4. Linker Script

4.1. Overview

Linker scripts define how input sections (like .text, .data, .bss) are mapped to output sections and where they are placed in memory. These scripts control:

  • Memory regions (e.g., RAM, ROM)

  • Section alignment

  • Ordering of code and data

  • Load vs. execution addresses

This is the standard method used by most linkers like GNU ld.

Linker scripts provide detailed specifications of how files are to be linked. They offer greater control over linking than is available using just the linker command options.
NOTE Linker scripts are optional.
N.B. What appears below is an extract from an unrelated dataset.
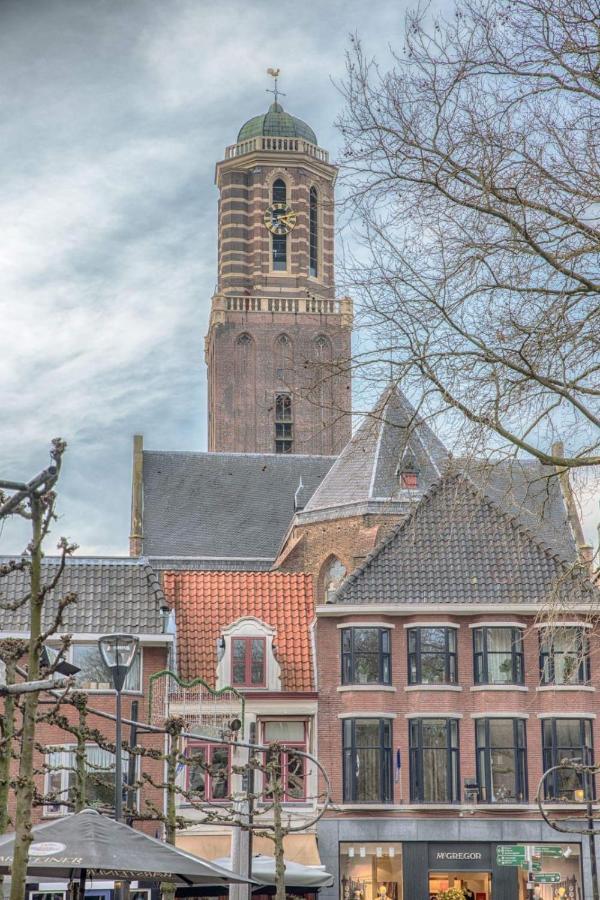 زفولا B&B Bij De Sassenpoort المظهر الخارجي الصورة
In most cases, the default behavior of the linker is sufficient.
Linker scripts control the following properties:
  • ELF program header

  • Program entry point

  • Input and output files and searching paths

  • Section memory placement and runtime

  • Section removal

  • Symbol definition

A linker script consists of a sequence of commands stored in a text file.
The script file can be specified on the command line either with -T, or by specifying the file as an input files.
The linker distinguishes between script files and object files and handles each accordingly.
To generate a map file that shows how a linker script controlled linking, use the M option.

Command

Description

PHDRS

Program Headers

SECTIONS

Section mapping and memory placementELF program header definition

ENTRY

ELF program headerProgram execution entry point

OUTPUT_FORMAT

Parsed, but no effect on linking

OUTPUT_ARCH

Parsed, but no effect on linking

SEARCH_DIR

Add additional searching directory for libraries

INCLUDE

Include linker script file

OUTPUT

Define output filename

GROUP

Define files that will be searched repeatedly

ASSERT

Linker script assertion

NOCROSSREFS

Check cross references among a group of sections

4.2. Basic script syntax

  • Symbols

    Symbol names must begin with a letter, underscore, or period. They can include letters, numbers, underscores, hyphens, or periods.

  • Comments

    Comments can appear in linker scripts

  • Strings

    Character strings can be specified as parameters with or without delimiter characters.

  • Expressions

    Expressions are similar to C, and support all C arithmetic operators. They are evaluated as type long or unsigned long

  • Location Counter

    A period is used as a symbol to indicate the current location counter. It is used in the SECTIONS command only, where it designates locations in the output section:
    . = ALIGN(0x1000); . = . + 0x1000;
    Assigning a value to the location counter symbol changes the location counter to the specified value.
    The location counter can be moved forward by arbitrary amounts to create gaps in an output section.
    It cannot, however, be moved backwards.
  • Symbol assignment

    Symbols, including the location counter, can be assigned constants or expressions:
    __text_start = . + 0x1000;
    Assignment statements are similar to C, and support all C assignment operators. Terminate assignment statements with a semicolon

4.3. Script commands

The SECTIONS command must be specified in a linker script. All the other script commands are optional.

  • PHDRS

    The PHDRS (Program Headers) command in a linker script is used to define program headers in the output binary, particularly for ELF (Executable and Linkable Format) files. These headers are essential for the runtime loader to understand how to load and map the binary into memory.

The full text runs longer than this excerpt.